Sola
La casa, desvencijada, se alzaba sobre una discreta colina a las afueras de la ciudad. Dominaba uno de esos guetos que carecen de atractivo alguno: en ellos, la gente simplemente luchaba día a día por despertarse al siguiente. La pobreza parecía estancada en cada rincón, y la tristeza se asomaba tras cada puerta. Las calles acogían una extraña mezcolanza de olores: orín, basura, pescado que hacía días que había dejado de ser fresco. Miseria.
En aquellos días, todo el mundo se refería a lugares como aquel como “Barrios B”.
En ocasiones, los más jóvenes interrumpían sus juegos, sus eternas carreras entre las calles angostas y decrépitas, para tomar aliento. Y siempre había quien, durante el asueto, alzaba la mirada hacia la casa. El viento había erosionado su fachada y la maleza comenzaba a colarse entre sus ventanas, pero ahí estaba.

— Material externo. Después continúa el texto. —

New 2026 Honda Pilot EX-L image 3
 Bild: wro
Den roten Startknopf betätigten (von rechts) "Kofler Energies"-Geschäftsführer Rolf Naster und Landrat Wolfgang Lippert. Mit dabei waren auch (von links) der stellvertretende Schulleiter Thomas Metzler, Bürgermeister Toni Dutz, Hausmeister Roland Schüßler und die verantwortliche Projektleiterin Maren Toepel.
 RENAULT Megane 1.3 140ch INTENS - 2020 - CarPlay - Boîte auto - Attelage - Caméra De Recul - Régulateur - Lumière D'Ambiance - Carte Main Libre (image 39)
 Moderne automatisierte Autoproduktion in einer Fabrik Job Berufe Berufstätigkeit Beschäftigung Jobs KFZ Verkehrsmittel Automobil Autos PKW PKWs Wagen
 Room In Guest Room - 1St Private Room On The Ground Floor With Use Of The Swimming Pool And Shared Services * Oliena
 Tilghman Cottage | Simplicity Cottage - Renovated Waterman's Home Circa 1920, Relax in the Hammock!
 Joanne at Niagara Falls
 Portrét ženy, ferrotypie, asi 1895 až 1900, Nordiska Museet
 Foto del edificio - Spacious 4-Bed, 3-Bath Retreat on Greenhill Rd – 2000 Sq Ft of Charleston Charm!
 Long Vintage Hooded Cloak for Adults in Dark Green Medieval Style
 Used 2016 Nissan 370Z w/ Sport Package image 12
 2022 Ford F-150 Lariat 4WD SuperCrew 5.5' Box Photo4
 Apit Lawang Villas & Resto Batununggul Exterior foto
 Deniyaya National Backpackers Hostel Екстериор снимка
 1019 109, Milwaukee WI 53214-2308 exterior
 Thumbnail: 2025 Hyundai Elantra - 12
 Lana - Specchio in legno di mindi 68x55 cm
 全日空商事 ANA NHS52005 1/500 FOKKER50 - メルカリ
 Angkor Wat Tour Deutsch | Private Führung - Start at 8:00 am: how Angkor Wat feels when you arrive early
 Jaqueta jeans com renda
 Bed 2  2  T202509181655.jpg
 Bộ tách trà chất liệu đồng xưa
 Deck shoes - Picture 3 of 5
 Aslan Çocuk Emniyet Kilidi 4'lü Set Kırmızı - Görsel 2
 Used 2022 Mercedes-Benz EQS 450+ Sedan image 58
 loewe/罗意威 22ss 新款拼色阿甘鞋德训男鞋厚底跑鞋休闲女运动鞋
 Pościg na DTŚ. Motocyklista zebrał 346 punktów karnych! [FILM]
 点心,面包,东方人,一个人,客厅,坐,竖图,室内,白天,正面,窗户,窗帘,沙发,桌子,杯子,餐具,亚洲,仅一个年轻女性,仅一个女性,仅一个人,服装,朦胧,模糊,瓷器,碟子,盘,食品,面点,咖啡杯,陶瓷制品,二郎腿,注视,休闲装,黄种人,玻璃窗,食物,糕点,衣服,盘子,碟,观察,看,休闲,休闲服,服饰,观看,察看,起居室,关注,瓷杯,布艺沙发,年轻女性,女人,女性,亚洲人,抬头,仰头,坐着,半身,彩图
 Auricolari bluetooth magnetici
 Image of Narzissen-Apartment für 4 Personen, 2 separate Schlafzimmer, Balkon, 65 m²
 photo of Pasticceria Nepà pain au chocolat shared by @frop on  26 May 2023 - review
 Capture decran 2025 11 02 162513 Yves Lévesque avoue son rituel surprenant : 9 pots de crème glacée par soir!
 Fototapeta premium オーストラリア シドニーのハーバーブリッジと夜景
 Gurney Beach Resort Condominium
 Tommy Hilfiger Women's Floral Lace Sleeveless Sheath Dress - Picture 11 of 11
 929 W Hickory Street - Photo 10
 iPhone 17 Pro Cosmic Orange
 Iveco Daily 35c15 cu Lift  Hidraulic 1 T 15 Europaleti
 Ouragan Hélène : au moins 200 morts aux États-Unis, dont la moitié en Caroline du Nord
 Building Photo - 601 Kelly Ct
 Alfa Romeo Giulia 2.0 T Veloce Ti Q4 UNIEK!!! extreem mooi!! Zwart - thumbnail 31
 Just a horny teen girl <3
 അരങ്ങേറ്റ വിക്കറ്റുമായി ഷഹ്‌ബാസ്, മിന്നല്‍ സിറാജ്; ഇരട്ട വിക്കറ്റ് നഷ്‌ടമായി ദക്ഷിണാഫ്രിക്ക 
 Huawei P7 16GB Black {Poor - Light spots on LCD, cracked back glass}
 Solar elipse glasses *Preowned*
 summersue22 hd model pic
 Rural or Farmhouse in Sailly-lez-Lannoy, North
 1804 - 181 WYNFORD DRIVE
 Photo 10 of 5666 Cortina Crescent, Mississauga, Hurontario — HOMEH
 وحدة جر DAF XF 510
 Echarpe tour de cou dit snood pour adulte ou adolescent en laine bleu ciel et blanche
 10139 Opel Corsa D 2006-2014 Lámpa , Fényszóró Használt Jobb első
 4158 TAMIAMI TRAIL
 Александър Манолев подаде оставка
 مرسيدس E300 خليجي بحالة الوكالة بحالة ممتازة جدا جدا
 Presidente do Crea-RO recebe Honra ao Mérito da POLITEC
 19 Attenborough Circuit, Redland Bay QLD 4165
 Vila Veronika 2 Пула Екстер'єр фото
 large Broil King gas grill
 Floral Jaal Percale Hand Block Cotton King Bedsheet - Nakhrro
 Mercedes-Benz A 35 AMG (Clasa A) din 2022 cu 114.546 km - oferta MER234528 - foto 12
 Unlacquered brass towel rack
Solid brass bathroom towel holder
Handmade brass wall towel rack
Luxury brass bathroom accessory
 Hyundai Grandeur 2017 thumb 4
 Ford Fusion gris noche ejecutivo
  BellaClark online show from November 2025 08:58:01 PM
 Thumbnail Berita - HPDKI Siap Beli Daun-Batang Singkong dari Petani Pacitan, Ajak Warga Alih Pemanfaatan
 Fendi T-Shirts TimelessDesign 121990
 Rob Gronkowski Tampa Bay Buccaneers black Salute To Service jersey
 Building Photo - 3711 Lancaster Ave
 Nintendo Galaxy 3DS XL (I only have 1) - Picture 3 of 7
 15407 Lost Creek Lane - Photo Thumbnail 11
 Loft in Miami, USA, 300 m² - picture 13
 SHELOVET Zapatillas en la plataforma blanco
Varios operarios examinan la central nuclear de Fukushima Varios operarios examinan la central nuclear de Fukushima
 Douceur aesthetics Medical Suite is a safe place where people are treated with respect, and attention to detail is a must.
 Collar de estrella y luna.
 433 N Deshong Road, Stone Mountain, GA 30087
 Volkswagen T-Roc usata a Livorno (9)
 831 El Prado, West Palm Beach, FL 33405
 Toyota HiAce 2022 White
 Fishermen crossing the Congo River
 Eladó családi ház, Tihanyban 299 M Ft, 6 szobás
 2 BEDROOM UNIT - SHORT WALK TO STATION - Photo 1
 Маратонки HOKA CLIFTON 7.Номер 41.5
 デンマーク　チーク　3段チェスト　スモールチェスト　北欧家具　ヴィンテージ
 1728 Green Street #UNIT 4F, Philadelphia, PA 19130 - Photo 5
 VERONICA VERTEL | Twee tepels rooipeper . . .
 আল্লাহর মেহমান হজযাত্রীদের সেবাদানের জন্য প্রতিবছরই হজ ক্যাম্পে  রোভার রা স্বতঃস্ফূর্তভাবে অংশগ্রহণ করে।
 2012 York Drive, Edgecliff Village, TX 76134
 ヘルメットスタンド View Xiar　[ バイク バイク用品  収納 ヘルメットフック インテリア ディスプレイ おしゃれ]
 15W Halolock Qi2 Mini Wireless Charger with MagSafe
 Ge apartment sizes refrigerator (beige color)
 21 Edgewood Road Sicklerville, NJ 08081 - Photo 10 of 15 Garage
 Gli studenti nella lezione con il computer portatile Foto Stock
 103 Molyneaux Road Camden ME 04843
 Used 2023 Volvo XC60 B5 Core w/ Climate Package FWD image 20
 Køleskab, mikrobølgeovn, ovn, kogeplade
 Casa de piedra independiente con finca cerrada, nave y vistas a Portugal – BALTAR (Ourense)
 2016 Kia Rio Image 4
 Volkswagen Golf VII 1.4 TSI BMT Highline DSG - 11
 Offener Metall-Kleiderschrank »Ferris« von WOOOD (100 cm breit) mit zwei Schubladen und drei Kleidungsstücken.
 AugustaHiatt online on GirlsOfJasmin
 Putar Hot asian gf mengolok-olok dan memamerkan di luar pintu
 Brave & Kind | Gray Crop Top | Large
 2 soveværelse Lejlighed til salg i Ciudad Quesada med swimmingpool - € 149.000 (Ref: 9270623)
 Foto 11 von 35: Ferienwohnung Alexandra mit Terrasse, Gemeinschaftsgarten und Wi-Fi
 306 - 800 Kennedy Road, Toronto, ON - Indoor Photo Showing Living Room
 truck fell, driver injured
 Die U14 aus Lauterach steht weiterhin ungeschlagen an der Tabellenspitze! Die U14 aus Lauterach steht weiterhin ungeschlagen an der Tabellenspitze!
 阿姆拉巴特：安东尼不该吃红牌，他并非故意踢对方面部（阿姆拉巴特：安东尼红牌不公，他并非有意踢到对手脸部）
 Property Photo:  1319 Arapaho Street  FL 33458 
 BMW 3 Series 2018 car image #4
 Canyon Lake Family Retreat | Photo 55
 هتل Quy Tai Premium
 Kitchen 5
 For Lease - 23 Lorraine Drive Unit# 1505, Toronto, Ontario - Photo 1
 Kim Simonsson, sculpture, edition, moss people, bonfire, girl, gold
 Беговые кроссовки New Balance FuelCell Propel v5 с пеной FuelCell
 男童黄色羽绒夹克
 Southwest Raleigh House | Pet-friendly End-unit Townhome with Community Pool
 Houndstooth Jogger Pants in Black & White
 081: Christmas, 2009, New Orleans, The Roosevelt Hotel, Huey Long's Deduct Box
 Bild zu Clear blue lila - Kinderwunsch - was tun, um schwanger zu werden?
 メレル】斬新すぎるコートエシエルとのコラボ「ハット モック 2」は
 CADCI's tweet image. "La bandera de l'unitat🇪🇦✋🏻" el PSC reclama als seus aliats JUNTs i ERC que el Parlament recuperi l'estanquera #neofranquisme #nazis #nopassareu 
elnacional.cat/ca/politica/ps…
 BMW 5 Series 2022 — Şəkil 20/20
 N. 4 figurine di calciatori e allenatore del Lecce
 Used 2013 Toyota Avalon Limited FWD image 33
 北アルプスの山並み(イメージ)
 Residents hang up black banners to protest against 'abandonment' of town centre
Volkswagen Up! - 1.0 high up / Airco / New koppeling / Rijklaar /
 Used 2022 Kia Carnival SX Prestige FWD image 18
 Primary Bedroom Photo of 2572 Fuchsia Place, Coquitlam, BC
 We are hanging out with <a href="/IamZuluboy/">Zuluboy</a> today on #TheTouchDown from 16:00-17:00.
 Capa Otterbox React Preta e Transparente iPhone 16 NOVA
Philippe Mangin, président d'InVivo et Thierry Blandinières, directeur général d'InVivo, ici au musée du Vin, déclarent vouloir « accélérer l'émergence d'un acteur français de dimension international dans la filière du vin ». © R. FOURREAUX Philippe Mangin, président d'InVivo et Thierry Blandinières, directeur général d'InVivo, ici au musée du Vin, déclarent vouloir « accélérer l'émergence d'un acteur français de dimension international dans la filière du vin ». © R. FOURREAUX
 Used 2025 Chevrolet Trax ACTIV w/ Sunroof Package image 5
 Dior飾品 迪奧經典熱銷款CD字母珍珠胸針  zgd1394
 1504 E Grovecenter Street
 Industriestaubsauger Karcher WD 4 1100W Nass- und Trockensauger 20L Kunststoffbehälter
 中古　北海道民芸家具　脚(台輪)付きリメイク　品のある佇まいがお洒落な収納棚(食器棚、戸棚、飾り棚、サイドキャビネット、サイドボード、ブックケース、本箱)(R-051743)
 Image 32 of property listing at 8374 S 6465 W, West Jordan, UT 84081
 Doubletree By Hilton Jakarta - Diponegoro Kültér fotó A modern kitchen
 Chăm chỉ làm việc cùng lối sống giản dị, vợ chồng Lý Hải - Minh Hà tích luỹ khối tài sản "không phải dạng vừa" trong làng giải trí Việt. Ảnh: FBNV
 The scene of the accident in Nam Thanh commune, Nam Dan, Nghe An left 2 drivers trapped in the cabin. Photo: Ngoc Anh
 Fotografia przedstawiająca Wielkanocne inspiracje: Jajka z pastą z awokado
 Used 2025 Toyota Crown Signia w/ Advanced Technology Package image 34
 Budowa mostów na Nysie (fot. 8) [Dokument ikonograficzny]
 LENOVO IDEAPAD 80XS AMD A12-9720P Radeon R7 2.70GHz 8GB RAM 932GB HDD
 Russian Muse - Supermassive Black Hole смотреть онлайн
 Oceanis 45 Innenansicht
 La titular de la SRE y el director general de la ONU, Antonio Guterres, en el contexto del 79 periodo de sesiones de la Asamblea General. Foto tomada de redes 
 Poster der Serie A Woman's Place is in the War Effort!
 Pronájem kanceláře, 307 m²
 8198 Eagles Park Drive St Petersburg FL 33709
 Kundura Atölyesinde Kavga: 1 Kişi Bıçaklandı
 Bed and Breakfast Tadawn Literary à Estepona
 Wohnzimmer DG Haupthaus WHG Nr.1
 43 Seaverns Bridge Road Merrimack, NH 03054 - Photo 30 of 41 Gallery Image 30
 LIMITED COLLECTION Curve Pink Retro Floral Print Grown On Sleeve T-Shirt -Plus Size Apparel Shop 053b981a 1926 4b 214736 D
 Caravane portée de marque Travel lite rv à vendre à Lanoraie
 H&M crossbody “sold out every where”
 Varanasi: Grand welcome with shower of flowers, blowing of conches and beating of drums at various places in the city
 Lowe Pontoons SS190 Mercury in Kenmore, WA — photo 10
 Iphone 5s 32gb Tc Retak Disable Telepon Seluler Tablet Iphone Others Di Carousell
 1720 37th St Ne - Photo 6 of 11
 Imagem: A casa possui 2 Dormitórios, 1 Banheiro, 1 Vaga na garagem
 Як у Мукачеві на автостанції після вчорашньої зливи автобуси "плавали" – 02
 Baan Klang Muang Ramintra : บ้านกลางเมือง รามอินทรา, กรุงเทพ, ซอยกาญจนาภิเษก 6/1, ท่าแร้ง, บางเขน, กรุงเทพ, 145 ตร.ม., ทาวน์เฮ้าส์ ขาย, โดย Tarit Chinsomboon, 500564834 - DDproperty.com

Resistiendo el envite del tiempo.
Los ancianos contaban historias sobre ella, atemorizando a los muchachos. Decían que una mujer de notorio linaje se había suicidado en su interior hacía décadas. Desde entonces, aseguraban, una silueta se recortaba algunas noches tras las ventanas. Se decía incluso que, en la noche de San Juan, podía observarse cómo una figura se arrojaba a través del balcón principal pasada la medianoche. Una dama vestida de blanco que todos aseguraban haber visto alguna vez desplomarse en la oscuridad.
Por eso las miradas de aquellos ignorantes siempre brillaban de un modo especial. Era el destello fugaz del miedo, y a Claudia, que siempre observaba tras una ventana, le hacía esbozar una sonrisa.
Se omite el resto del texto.